As gestation progresses, NO and cGMP become central to the emergence of pulmonary vascular reactivity. VEGF acutely releases NO and causes rapid pulmonary vasodilation in vivo; conversely, chronic inhibition of VEGF receptors downregulates eNOS and induces PH in the late-gestation fetus. Both findings point to its importance in the development and function of the developing pulmonary vasculature. Inhibition of eNOS increases basal PVR as early as 75% gestation (112 days) in the fetal lamb, indicating that endogenous NOS activity contributes to vasoregulation during late gestation. Pulmonary vasodilation in response to NO (an endothelium-independent mediator) precedes the response to endothelium-dependent mediators such as acetylcholine and oxygen. The response to NO is dependent on activity of soluble guanylate cyclase in the smooth muscle cell (see Fig. 3.3 ). In the ovine fetus, sGC mRNA levels are low during early preterm (126-day) gestation and markedly increase toward the end of third trimester. Low levels of pulmonary arterial sGC activity during late canalicular and early saccular stages of lung development could partly explain the variable response to inhaled NO (iNO) observed in some extremely preterm infants. Intracellular cGMP levels are also tightly regulated by cGMP-specific phosphodiesterase type 5 (PDE5) activity. PDE5 expression and activity increase during late gestation, and it plays a critical role in pulmonary vasoregulation during the perinatal period.

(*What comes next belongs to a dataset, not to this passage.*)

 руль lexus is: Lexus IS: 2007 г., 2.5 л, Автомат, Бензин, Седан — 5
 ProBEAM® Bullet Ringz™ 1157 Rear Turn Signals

Pulmonary endothelial cells produce the prostaglandin (PG) molecules PGI 2 and PGE 2 , which are both potent vasodilators. Prostacyclin (PGI 2 ) acts on its receptor in the smooth muscle cell to produce cyclic adenosine monophosphate (cAMP), which also mediates smooth muscle cell vasodilation (similar to cGMP, see Fig. 3.3 ). cAMP is inactivated by cAMP-specific phosphodiesterase 3A (PDE3A). In isolated pulmonary resistance vessels of term fetal lambs, the cyclooxygenase inhibitor indomethacin constricts arteries under higher oxygen tensions but has no effect under lower concentrations, suggesting that oxygen may regulate the synthesis or downstream signaling of the dilator prostanoids. Although stimuli such as shear stress induce release of PgI 2 , overall, prostaglandin release appears to play a less important role than NO in regulating fetal and transitional pulmonary vascular tone.

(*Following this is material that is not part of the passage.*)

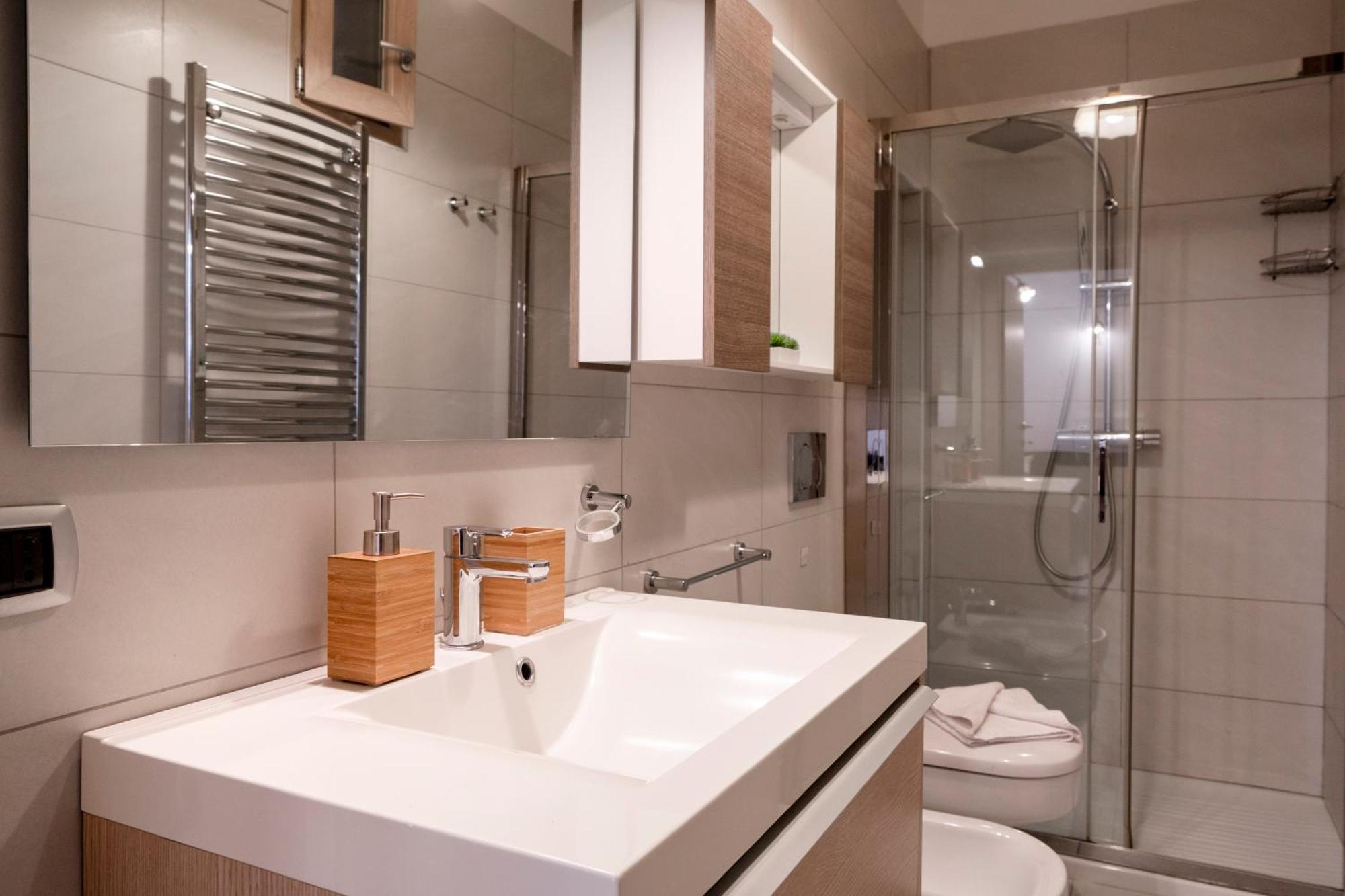 La Casa Di Gio - Stazione & Policlinico Apartment Bari Kültér fotó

Constrictors also play a role in regulating the pulmonary vascular tone of the fetus. Lipid mediators, such as thromboxane A 2 , leukotrienes C 4 and D 4 , and platelet-activating factor are potent pulmonary vasoconstrictors. Although thromboxane A 2 has been implicated in animal models of group B streptococcal sepsis, it does not appear to influence PVR in the normal fetus. Some data suggest that leukotrienes and platelet-activating factor may influence PVR during fetal life and transition but remain inconclusive. Endothelin-1 (ET-1) is produced by vascular endothelium and acts on the ET-A receptors in the smooth muscle cell to induce vasoconstriction by increasing ionic calcium concentrations. A second endothelial receptor, ET-B, on the endothelial cell stimulates NO release and vasodilation (see Fig. 3.3 ). Prepro-ET-1 mRNA (the precursor to ET-1) has been identified in fetal rat lung early in gestation, and high circulating ET-1 levels are present in umbilical cord blood. Although capable of both vasodilator and constrictor responses, ET-1 appears to primarily act as a pulmonary vasoconstrictor in the fetal pulmonary circulation.

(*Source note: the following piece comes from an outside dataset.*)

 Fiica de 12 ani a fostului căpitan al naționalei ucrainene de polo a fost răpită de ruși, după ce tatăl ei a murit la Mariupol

Endogenous serotonin (5-HT) production is another contributor to the high PVR of the fetus. Infusions of 5-HT increase PVR and infusions of ketanserin, a 5-HT 2A receptor antagonist, decrease fetal PVR in a dose-related fashion. Conversely, brief infusions of selective serotonin reuptake inhibitors (SSRIs), such as sertraline and fluoxetine, cause potent and sustained elevations of PVR. Together, these findings suggest that 5-HT causes pulmonary vasoconstriction and contributes to maintenance of high PVR in the normal fetus through stimulation of 5-HT 2A receptors and Rho kinase activation. These findings have important implications for SSRI treatment for maternal depression, as described in later text.
Transitional Circulation and Postnatal Pulmonary Vascular Development
A rapid and dramatic series of circulatory events occur at birth as the fetus transitions to extrauterine life. After birth and initiation of air breathing, a number of mechanisms operate simultaneously to rapidly reduce pulmonary arterial pressure and increase pulmonary blood flow. Of these, the most important stimuli appear to be ventilation of the lungs and an increase in oxygen tension (see Figs. 3.1 and 3.2 ). Pulmonary blood flow increases by eightfold, resolving fetal PH. Clamping of the umbilical cord removes the low-resistance placental circulation, increasing systemic arterial pressure as pulmonary arterial pressure falls. In some infants with in utero adverse events or with abnormalities of pulmonary transition at birth, PH persists into the newborn period, resulting in the syndrome of persistent pulmonary hypertension of the newborn (PPHN).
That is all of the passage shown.